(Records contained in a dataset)
____________________
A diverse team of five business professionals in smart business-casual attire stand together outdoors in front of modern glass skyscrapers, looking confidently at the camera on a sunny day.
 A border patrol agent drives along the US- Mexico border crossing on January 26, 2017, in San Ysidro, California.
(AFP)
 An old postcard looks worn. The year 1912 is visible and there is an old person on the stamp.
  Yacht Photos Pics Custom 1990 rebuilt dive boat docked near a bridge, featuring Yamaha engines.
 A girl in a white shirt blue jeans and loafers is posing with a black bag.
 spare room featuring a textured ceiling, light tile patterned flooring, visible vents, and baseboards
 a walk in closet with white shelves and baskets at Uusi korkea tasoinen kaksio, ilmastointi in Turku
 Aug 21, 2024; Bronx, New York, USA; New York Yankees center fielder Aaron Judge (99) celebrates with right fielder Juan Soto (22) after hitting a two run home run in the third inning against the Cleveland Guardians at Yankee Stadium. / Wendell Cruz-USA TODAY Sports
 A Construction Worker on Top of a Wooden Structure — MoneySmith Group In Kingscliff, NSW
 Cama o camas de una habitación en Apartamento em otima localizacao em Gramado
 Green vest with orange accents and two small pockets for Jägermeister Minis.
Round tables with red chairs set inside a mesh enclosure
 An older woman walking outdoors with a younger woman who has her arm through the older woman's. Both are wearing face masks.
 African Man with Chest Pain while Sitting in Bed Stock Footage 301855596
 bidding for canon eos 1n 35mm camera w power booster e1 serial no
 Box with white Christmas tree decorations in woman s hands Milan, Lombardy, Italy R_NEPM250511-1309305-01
____________________
Reproduce, word for word, the lines of the data from the one that contains "bidding for canon" to the end, both ends included.

> The completed task:
 bidding for canon eos 1n 35mm camera w power booster e1 serial no
 Box with white Christmas tree decorations in woman s hands Milan, Lombardy, Italy R_NEPM250511-1309305-01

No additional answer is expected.